Éco-Business

Oussama Ouassini : «Pour que la dette soit soutenable, il faut viser un taux de croissance d’au moins 8%»

Oussama Ouassini
Expert en analyse financière

Pour compenser une croissance atone et un déficit chronique, l’endettement s’est imposé au fil des années comme un moteur discret de l’économie, au prix d’une fragilité budgétaire croissante.

 Comment évaluez-vous la soutenabilité de la dette publique marocaine à court et moyen terme ?
À court et moyen terme, la situation n’est pas soutenable. Pour qu’elle le devienne, le Maroc doit enregistrer un taux de croissance annuel d’au moins 8%. Actuellement, la dette grignote près de 4% de la croissance économique.

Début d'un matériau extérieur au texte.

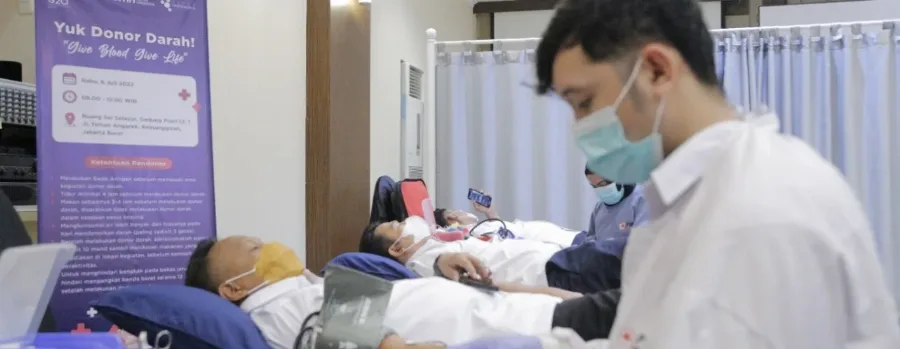 Pupuk Indonesia Dukung Ketersediaan Pasokan Darah PMI
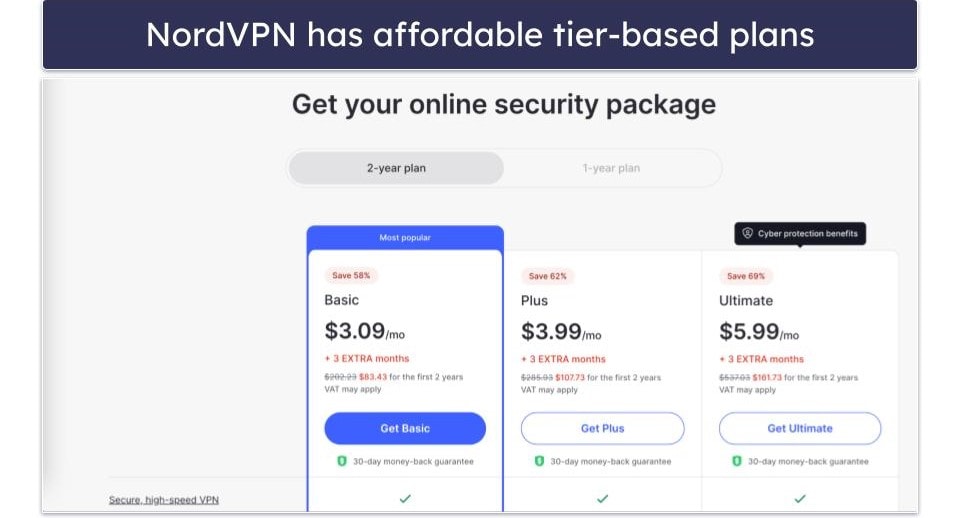 4. NordVPN — Great Security Features &amp; Fast Speeds on All Servers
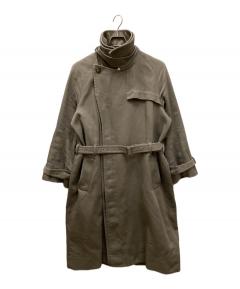 中古・古着通販】ANCELLM (アンセルム) SEMI-DOUBLE CHESTER COAT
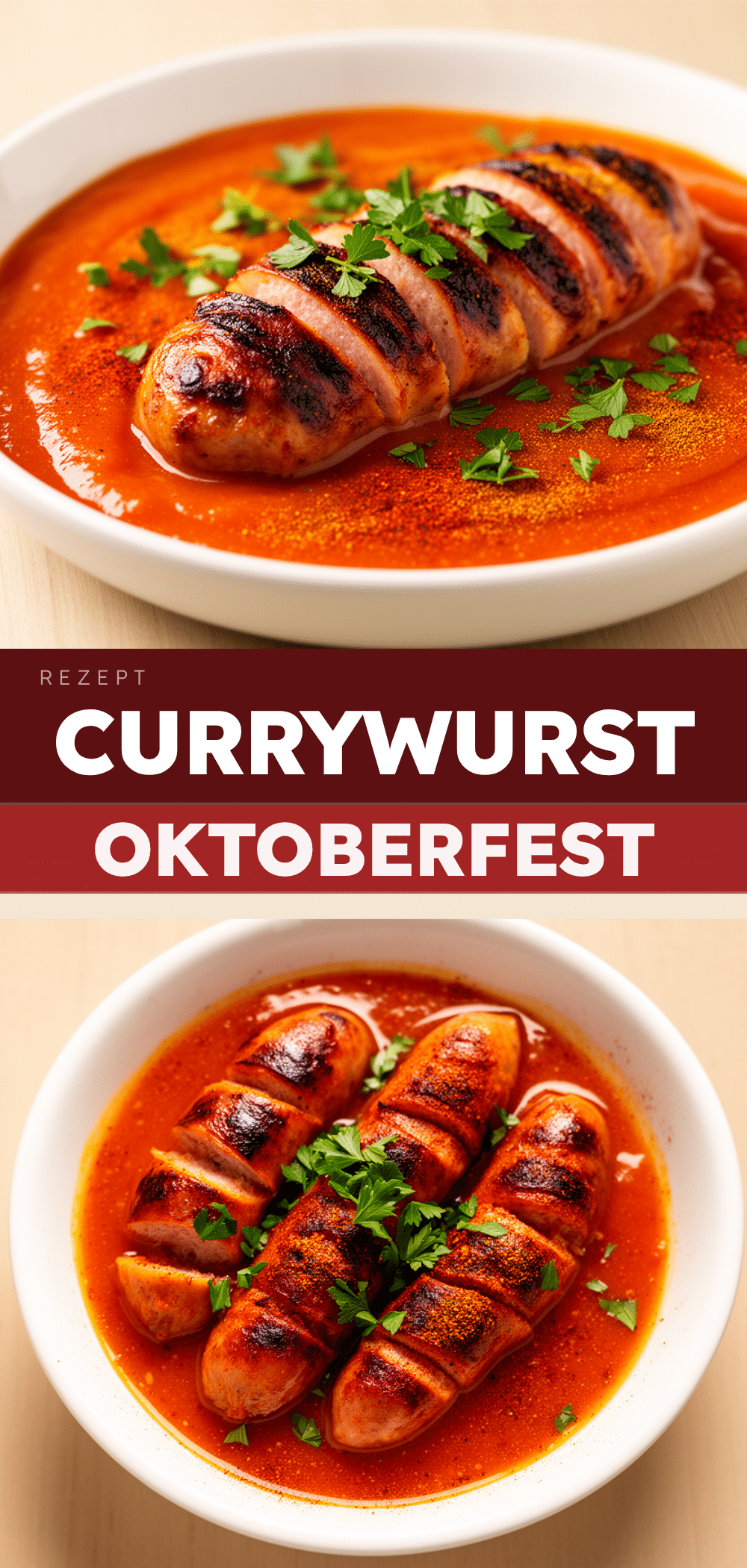 Oktoberfest Currywurst: Einfaches Rezept in 20 Min 5 Oktoberfest Currywurst recipe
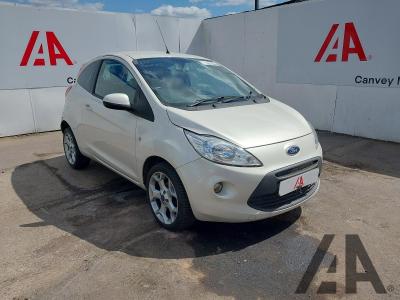 Image of 2014 FORD KA ZETEC 1242cc PETROL MANUAL 5 Speed 3 DOOR HATCHBACK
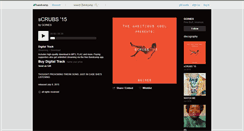 Desktop Screenshot of goines870.bandcamp.com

En d’autres termes, le simple remboursement de la dette exige déjà un taux de croissance équivalent à ces 4%. Si l’on ajoute à cela la hausse des taux d’intérêt, la charge devient encore plus lourde. Par exemple, un point supplémentaire sur des taux d’intérêt, passant de 2 à 3%, se traduit par un surcoût de près de 10 milliards de dirhams, et ce, compte tenu de l’ampleur des montants en jeu.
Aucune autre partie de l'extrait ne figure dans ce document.